Die Grenzen dieses Pirminsbezirks haben sich mit kleinen Veränderungen bis in unser Jahrhundert erhalten, und doch ist es schwierig, nach so langer Zeit, einige der damals festgelegten Grenzpunkte in der heutigen Landschaft aufzufinden. Nicht nur die Landschaft, sondern auch die im Volk verwurzelten Flurnamen haben sich während eines so langen Zeitraums sprachlich gewandelt. So ist es auch kein Wunder, dass die Heimatforscher an einigen Stellen zu unterschiedlichen Interpretationen gekommen sind. Einige Details werden wohl auch niemals geklärt werden können, denn die Urkunde ist uns nur in einer Abschrift aus dem Jahr 1430 überliefert, die nicht mehr die reinen Formen von 828 enthält. – Und die vorliegenden jüngeren Abschriften weichen im Wortlaut geringfügig voneinander ab.

Man kann sich auf vielerlei Weise mit einer solchen alten Urkunde auseinander setzen. – Mein persönliches Anliegen ist ihr Bezug zu unserer Landschaft. Und so möchte ich den Inhalt der alten Urkunde in eine gedankliche Wanderung rund um den alten Bezirk einbinden.

Die Beschreibung der Grenze in der Urkunde beginnt an der Queich. Irgendwo zwischen Rinnthal und Annweiler muss es damals einen Ort namens Houronshusen gegeben haben, und der Bereich der Papierfabrik bei Sarnstall lag offensichtlich innerhalb des Pirminsbezirkes.

Auf dem Gipfel des Rindsberges stoßen die Gemarkungen von Annweiler, Rinnthal, Spirkelbach und Wernersberg aufeinander.
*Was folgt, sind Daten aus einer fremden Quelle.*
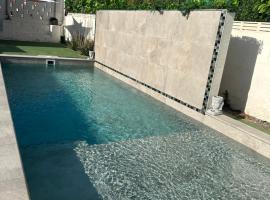 VALTISYA POOL AND AIRPORT, séjour à la campagne à Telde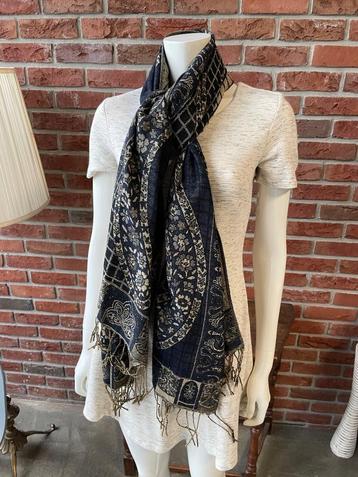 Goud kleurige sjaal shawl beschikbaar voor biedingen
Die alten Grenzsteine sind meist mit der Jahreszahl 1777 bezeichnet, doch einige gehören einem älteren Typ an und stammen wahrscheinlich aus dem 16. Jahrhundert.

Der Wackelstein auf dem Rindsberg

Der heute "Wackelstein" genannte Felsentisch ist eine interessante Verwitterungsform des Wasgaus, die in bestimmten Schichten des Buntsandsteins auftritt. Dieser Grenzfels wurde in Grenzbeschreibungen des 14. Jahrhunderts als "Krähenstein" oder "Grevensteyn" bezeichnet.

Weitere interessante Aussichtspunkte im Verlauf der Grenze sind der Kleine Rauhberg bei Spirkelbach und der Neding genannte Fels bei Hauenstein.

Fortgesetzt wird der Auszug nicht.